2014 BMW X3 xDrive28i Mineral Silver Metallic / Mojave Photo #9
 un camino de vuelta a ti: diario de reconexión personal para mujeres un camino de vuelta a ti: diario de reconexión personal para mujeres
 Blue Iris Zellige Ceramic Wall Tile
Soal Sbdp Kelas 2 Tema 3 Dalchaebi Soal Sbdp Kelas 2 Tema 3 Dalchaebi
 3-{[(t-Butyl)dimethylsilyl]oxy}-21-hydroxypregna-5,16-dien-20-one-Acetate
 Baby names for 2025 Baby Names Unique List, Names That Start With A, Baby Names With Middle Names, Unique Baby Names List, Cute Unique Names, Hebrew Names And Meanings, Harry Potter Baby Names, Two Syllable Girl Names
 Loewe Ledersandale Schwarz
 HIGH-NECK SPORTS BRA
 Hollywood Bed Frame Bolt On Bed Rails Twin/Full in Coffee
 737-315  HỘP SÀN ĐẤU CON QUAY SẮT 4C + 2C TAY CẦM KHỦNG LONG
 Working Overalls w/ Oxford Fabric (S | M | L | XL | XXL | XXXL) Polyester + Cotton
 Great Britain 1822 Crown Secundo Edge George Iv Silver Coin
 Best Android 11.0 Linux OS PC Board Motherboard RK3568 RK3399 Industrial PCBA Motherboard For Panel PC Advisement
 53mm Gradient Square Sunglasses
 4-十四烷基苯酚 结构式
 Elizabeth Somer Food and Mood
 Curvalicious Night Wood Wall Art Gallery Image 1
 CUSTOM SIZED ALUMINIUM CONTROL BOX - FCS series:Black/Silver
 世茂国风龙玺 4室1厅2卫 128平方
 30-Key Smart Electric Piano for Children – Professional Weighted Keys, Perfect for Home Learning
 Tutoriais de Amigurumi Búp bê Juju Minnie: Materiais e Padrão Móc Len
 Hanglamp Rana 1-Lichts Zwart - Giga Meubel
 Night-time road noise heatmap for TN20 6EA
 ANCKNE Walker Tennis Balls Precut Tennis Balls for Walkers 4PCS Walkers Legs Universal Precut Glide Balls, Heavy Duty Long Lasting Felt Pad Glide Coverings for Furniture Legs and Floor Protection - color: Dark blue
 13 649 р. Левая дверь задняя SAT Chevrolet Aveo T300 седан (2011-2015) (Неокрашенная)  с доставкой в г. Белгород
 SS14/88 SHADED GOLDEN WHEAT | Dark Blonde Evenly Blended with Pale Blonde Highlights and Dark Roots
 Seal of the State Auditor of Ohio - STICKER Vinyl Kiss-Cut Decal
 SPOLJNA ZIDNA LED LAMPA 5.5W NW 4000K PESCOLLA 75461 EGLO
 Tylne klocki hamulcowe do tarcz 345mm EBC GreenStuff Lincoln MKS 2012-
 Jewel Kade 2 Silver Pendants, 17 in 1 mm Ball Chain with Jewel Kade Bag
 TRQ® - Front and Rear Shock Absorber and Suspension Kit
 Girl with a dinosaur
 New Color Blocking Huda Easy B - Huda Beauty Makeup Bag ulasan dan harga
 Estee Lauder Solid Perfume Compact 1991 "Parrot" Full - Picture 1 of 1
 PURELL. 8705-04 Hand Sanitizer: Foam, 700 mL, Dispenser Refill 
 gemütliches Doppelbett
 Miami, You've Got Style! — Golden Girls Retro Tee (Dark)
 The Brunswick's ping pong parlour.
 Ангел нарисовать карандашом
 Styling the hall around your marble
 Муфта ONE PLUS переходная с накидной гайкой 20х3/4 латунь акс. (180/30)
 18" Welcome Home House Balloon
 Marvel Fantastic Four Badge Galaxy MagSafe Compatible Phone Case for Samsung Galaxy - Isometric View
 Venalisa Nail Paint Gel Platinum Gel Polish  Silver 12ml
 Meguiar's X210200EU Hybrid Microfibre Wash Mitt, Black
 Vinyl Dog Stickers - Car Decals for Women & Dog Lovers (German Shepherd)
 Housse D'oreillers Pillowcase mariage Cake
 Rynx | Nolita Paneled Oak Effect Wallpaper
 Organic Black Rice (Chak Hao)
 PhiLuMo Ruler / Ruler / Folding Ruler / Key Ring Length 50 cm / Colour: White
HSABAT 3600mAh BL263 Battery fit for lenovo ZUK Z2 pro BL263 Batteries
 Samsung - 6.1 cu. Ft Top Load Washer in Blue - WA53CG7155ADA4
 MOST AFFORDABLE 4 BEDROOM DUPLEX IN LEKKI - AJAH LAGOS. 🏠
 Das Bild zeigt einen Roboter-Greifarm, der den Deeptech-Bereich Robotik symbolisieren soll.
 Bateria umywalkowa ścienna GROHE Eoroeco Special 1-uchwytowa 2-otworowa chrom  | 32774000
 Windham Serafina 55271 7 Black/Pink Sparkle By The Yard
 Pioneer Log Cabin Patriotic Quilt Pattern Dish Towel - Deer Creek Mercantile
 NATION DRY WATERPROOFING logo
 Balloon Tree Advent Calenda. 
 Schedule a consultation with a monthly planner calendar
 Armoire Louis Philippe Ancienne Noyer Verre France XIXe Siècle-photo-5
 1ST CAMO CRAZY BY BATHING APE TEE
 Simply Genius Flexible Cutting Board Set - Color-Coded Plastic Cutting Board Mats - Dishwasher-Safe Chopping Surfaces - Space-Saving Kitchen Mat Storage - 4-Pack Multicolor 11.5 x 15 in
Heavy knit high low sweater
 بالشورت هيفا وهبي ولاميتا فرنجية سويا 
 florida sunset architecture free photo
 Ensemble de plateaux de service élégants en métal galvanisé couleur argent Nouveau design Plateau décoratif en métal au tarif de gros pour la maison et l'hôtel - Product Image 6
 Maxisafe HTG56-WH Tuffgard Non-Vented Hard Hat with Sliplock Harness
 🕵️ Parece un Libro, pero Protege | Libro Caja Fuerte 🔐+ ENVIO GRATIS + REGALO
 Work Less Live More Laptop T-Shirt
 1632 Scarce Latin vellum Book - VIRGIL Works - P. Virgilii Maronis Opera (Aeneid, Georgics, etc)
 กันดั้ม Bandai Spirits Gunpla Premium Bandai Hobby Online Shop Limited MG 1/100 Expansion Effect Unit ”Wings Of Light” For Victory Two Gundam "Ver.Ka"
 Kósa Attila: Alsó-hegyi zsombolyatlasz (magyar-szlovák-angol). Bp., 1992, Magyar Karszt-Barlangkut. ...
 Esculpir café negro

-- Exercise description --
Taking the entries above, restate exactly those lines that fall between the line with "Balloon Tree Advent Calenda." and the line with "florida sunset architecture free photo", keeping both of those lines too.

-- Exercise response --
 Balloon Tree Advent Calenda. 
 Schedule a consultation with a monthly planner calendar
 Armoire Louis Philippe Ancienne Noyer Verre France XIXe Siècle-photo-5
 1ST CAMO CRAZY BY BATHING APE TEE
 Simply Genius Flexible Cutting Board Set - Color-Coded Plastic Cutting Board Mats - Dishwasher-Safe Chopping Surfaces - Space-Saving Kitchen Mat Storage - 4-Pack Multicolor 11.5 x 15 in
Heavy knit high low sweater
 بالشورت هيفا وهبي ولاميتا فرنجية سويا 
 florida sunset architecture free photo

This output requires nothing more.